The whole project sounds like science fiction right? But Lubin says that the technology already exists, it just needs to be scaled up. That’s important because the first real mission to Mars is planned for 2030. According to Lubin, a 100 kilogram (220 lb.) unmanned robotic spacecraft could make it there in just three days. A manned one would take longer, about a month or so, four months shorter than by current means.

But Mars is just the beginning. Such technology could open up new possibilities for space exploration. At an NIAC symposium in 2015 Lubin said, “Within about 25 light-years of the Earth, there are actually quite a few potential exoplanets and habitable things to visit.” For example, Alpha Centauri is the closest solar system, over four light years away. But according to Lubin, a small probe using photonic propulsion could make it in about 17 years.  

This tech is earmarked for small, unmanned spacecraft. Sending AI throughout the galaxy would garner enormous benefits. We could even find other inhabitable worlds. Despite this, there are still significant challenges to overcome. For instance, how would we beam the information back? Communicating with Earth would pose a daunting challenge. Another issue is employing a laser strong enough, and finding ways of slowing the probe down once it reached its destination.

Artist’s depiction of Proxima Centauri b (Proxima b), an exoplanet in the inhabitable zone of the star Proxima Centauri, theoretically reachable using photonic propulsion.  

Besides photonic propulsion, other models are in the works. One that has gotten a lot of press lately, the EM Drive, is an electromagnetic acceleration system whose initial test was successful. Yet, no one quite understands how it works. Another is an antimatter rocket, proposed by Positron Dynamics CEO Ryan Weed. Weed, speaking with Wired last year, said such a rocket could “loop the Earth in three seconds.” We could also reach Mars in weeks’ time, rather than months.
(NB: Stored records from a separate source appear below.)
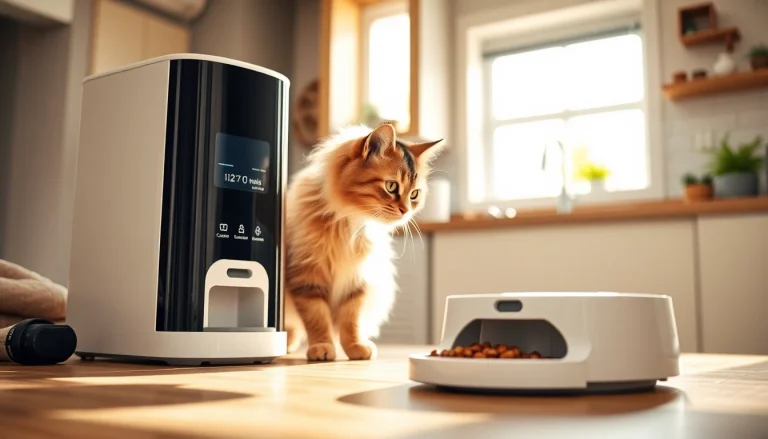 Essential Guide to the WOPET Automatic Pet Feeder: Convenience for Your Furry Friends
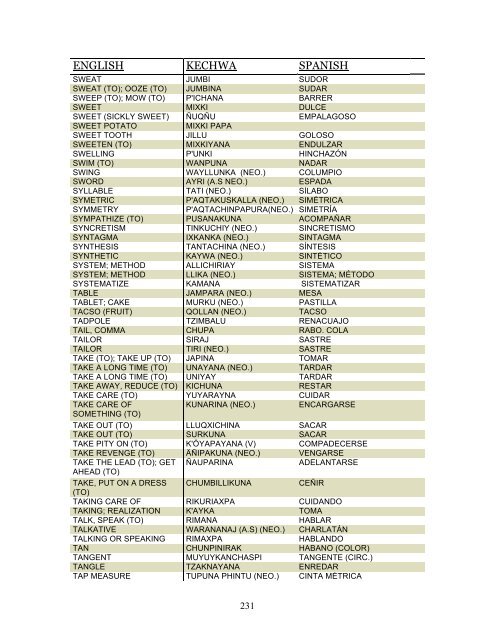 Foreign Languages - University of Kansas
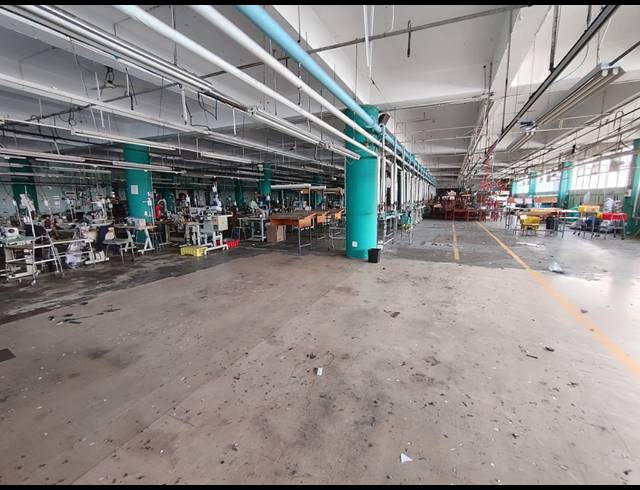 1,500M² FACTORY TO LET IN MAITLAND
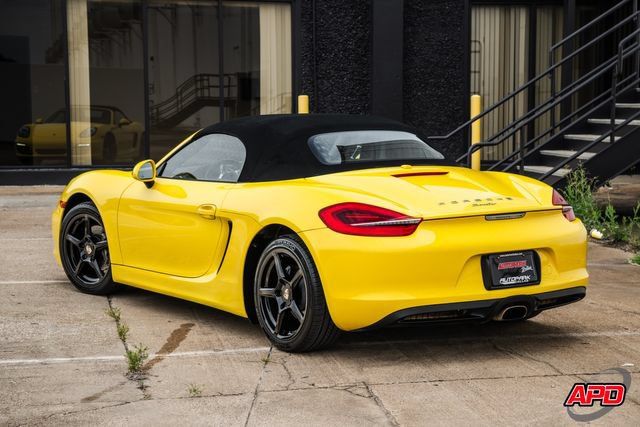 Used 2013 Porsche Boxster RWD image 9
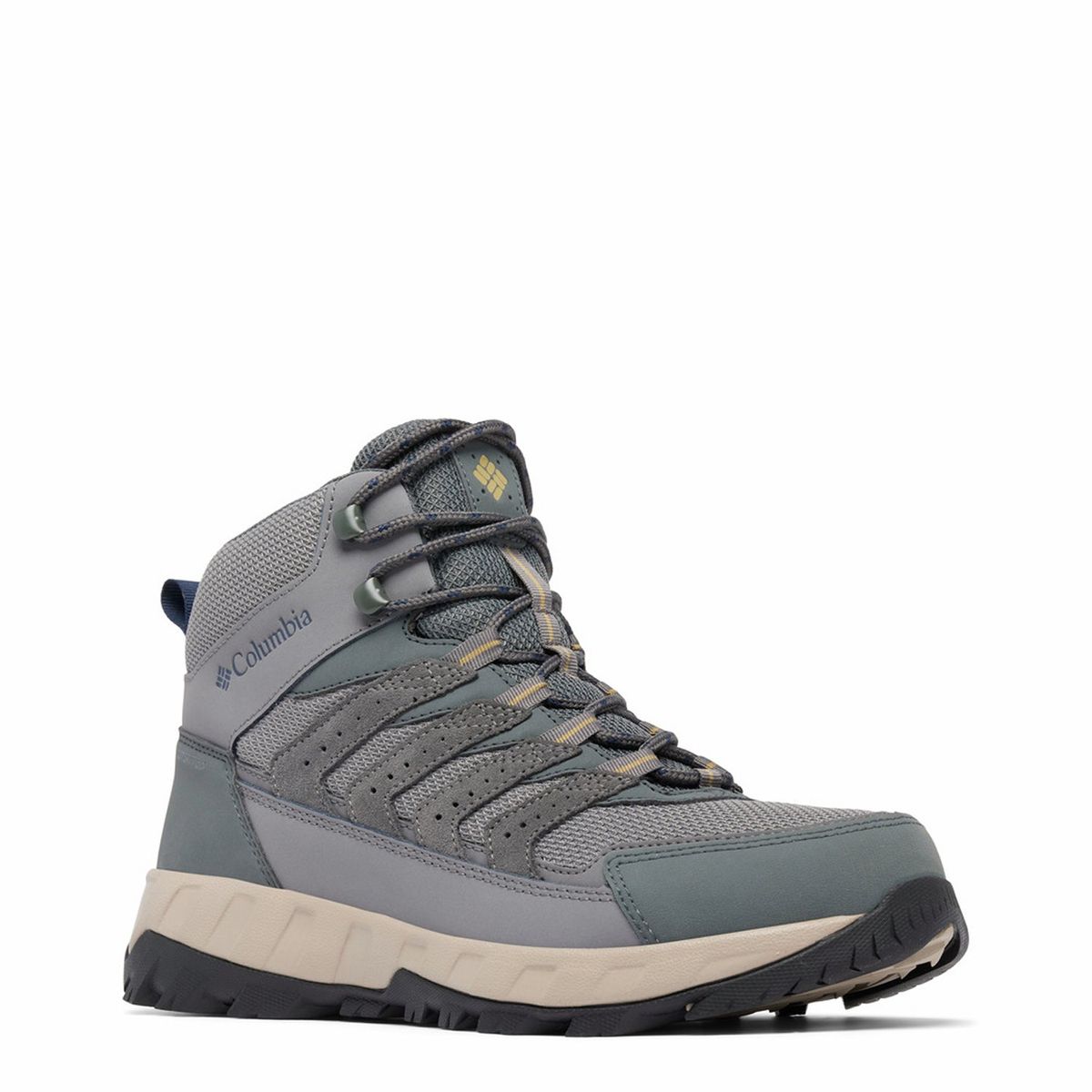 COLUMBIA - Zapatillas Botin Senderismo Hombre Columbia Strata Trail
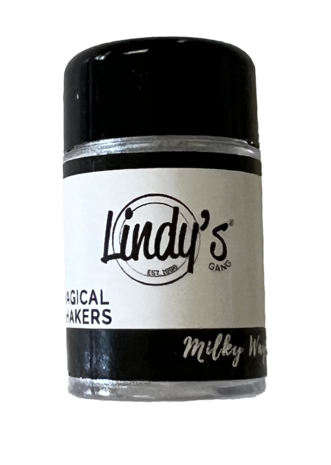 Lindy's Stamp Gang Milky Way White Magical Shaker 2.0 (mshaker-029) Lindy's Stamp Gang Milky Way White Magical Shaker 2.0 (mshaker-029)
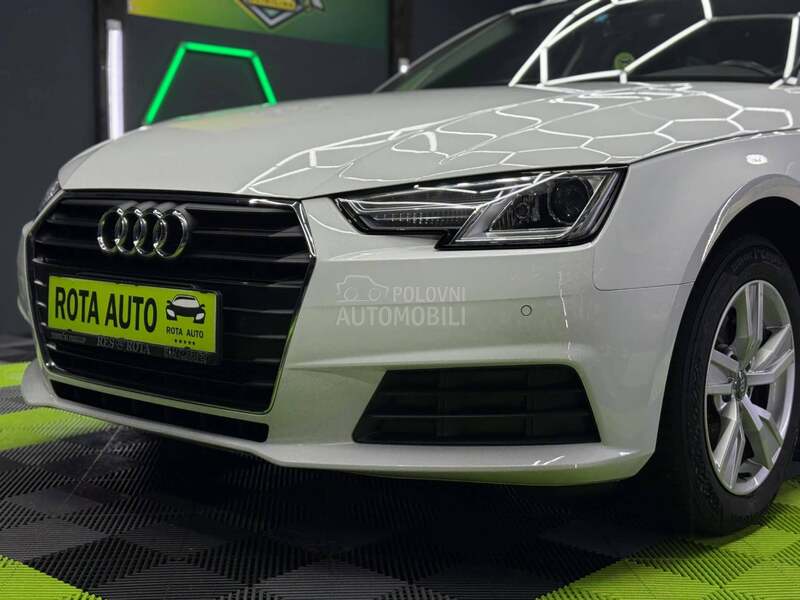Audi A4 2.0TDI/KA0 N0V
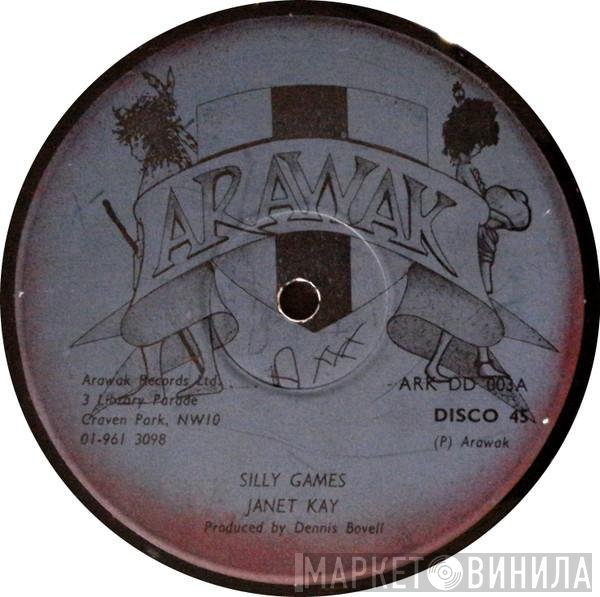 Janet Kay  - Silly Games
This system uses positrons and electrons. When they interact, it causes propulsion at a velocity of 72 million mph (approx. 116 mil. kmh), the CEO said. Meanwhile, NASA’s current ion thrusters have a top speed of just 200,000 mph (approx. 322,000 kmh). The cost however is prohibitive, about £12,500 per kilogram (approx. $15,000 per 2.2 lbs.).

We understand photonic propulsion, at least theoretically. And it isn’t so expensive, although it may require a ring of superconducting magnets, like those used in a Large Hadron Collider. Those aren’t cheap. Even so, Lubin’s plan can be developed in a cost-effective manner. So as it stands now, laser-based solar sails are likely to provide humanity’s next evolutionary step, exploring more our solar system, nearby exoplanets and in decades and centuries to come, more of our Milky Way.